**HOW TO COMPLETE THIS TASK:**
Return every record below exactly as written, but leave out the pictures.

**INFORMATION:**
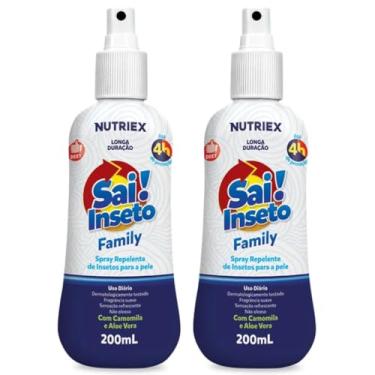Imagem de Repelente de Inseto Suave Sai Inseto Family 4h 200ml Kit 2un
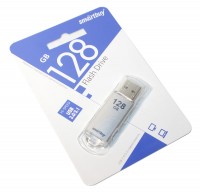 USB 3.0 Флеш накопитель 128Gb Smartbuy V-Cut Silver, SB128GBVC-S3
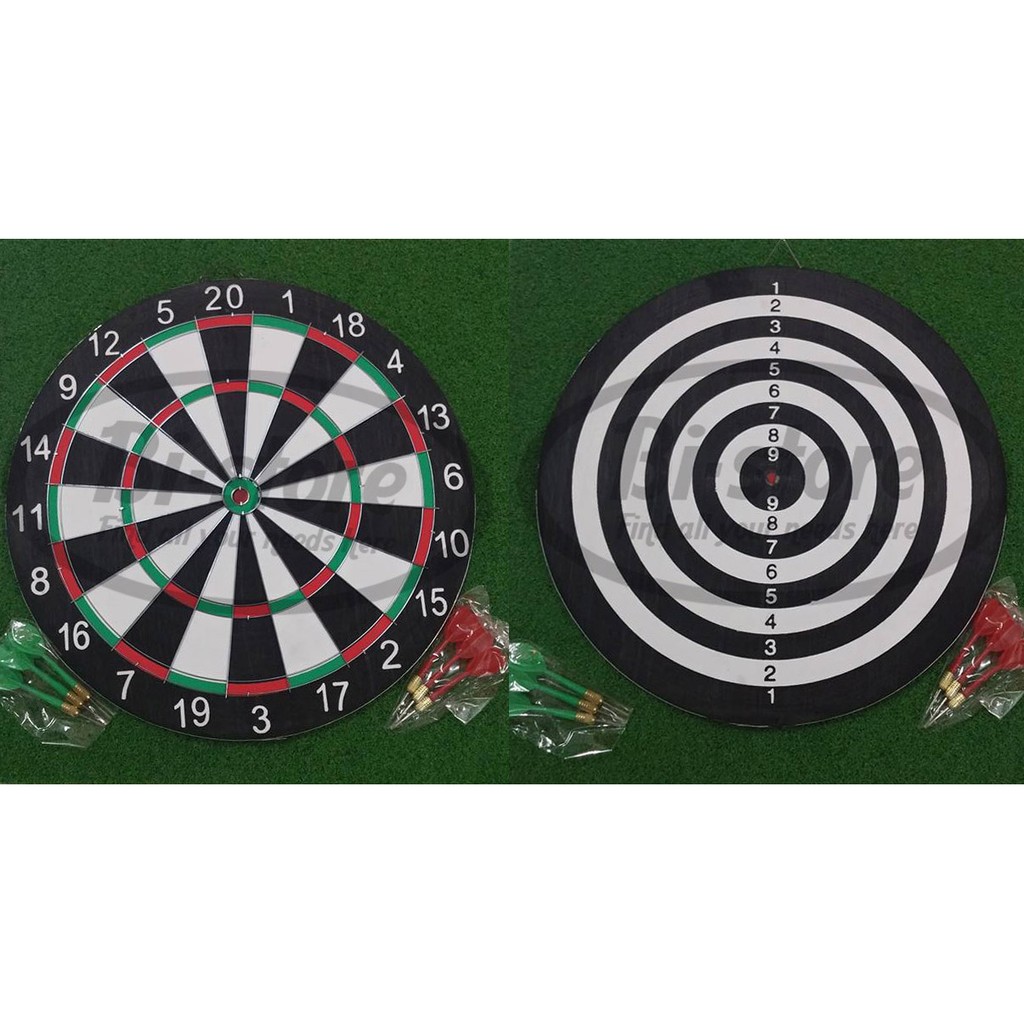 Papan Dart Board Dartboard 17 inch 17inch PJ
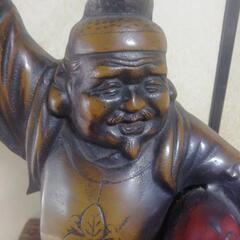 恵比寿様 金属 彫刻  49cmの画像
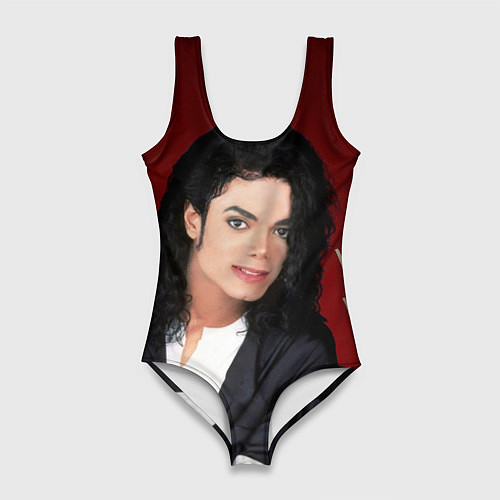 Женский купальник-боди Michael Jackson с пантерой и автографом / 3D-принт – фото 1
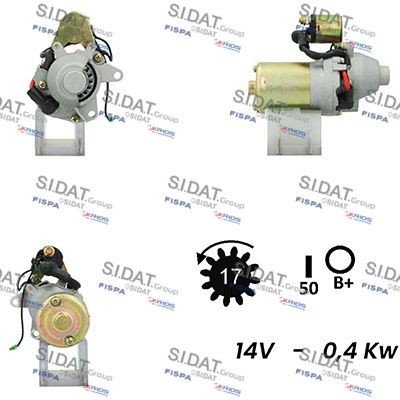 SIDAT S12MT0637A2 Starter motor 31210-ZE1-023
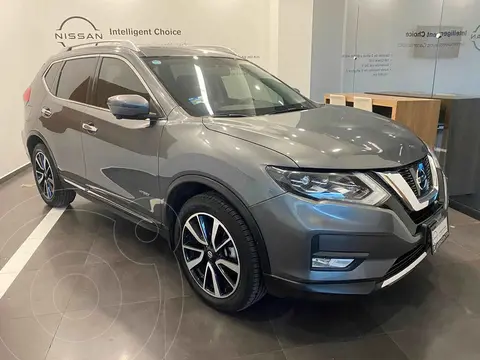 Nissan X-Trail Exclusive 2 Row Hybrid usado (2019) color Gris financiado en mensualidades(enganche $107,580 mensualidades desde $10,613)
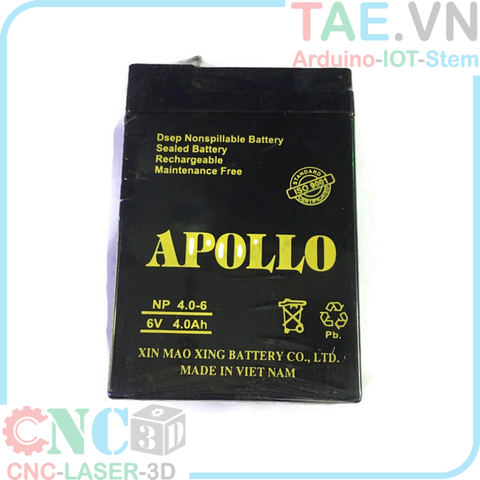 Bình Ắc Quy Apollo 6v 4.0Ah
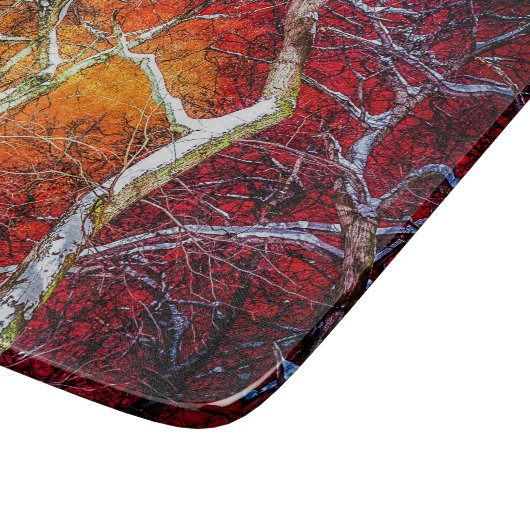 Rote Winternacht Schneidebrett (Ecke)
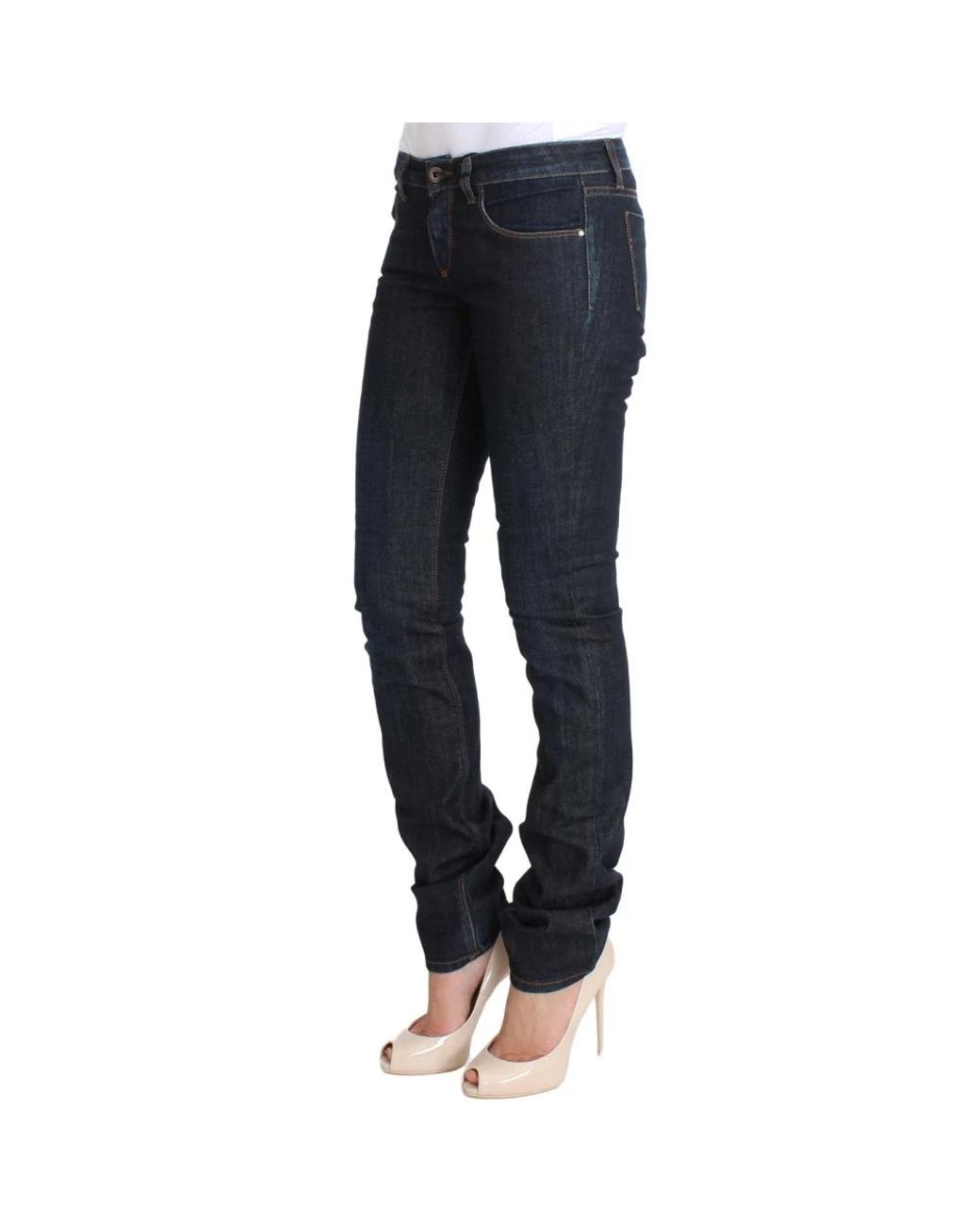 CoSTUME NATIONAL Blue Slim-Fit Jeans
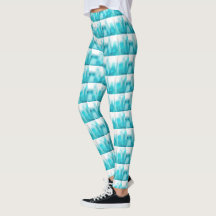 Calças de Ioga Turquesa Leggings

**THE ANSWER:**
Imagem de Repelente de Inseto Suave Sai Inseto Family 4h 200ml Kit 2un
 USB 3.0 Флеш накопитель 128Gb Smartbuy V-Cut Silver, SB128GBVC-S3
 Papan Dart Board Dartboard 17 inch 17inch PJ
 恵比寿様 金属 彫刻  49cmの画像
 Женский купальник-боди Michael Jackson с пантерой и автографом / 3D-принт – фото 1
 SIDAT S12MT0637A2 Starter motor 31210-ZE1-023
 Nissan X-Trail Exclusive 2 Row Hybrid usado (2019) color Gris financiado en mensualidades(enganche $107,580 mensualidades desde $10,613)
 Bình Ắc Quy Apollo 6v 4.0Ah
 Rote Winternacht Schneidebrett (Ecke)
 CoSTUME NATIONAL Blue Slim-Fit Jeans
 Calças de Ioga Turquesa Leggings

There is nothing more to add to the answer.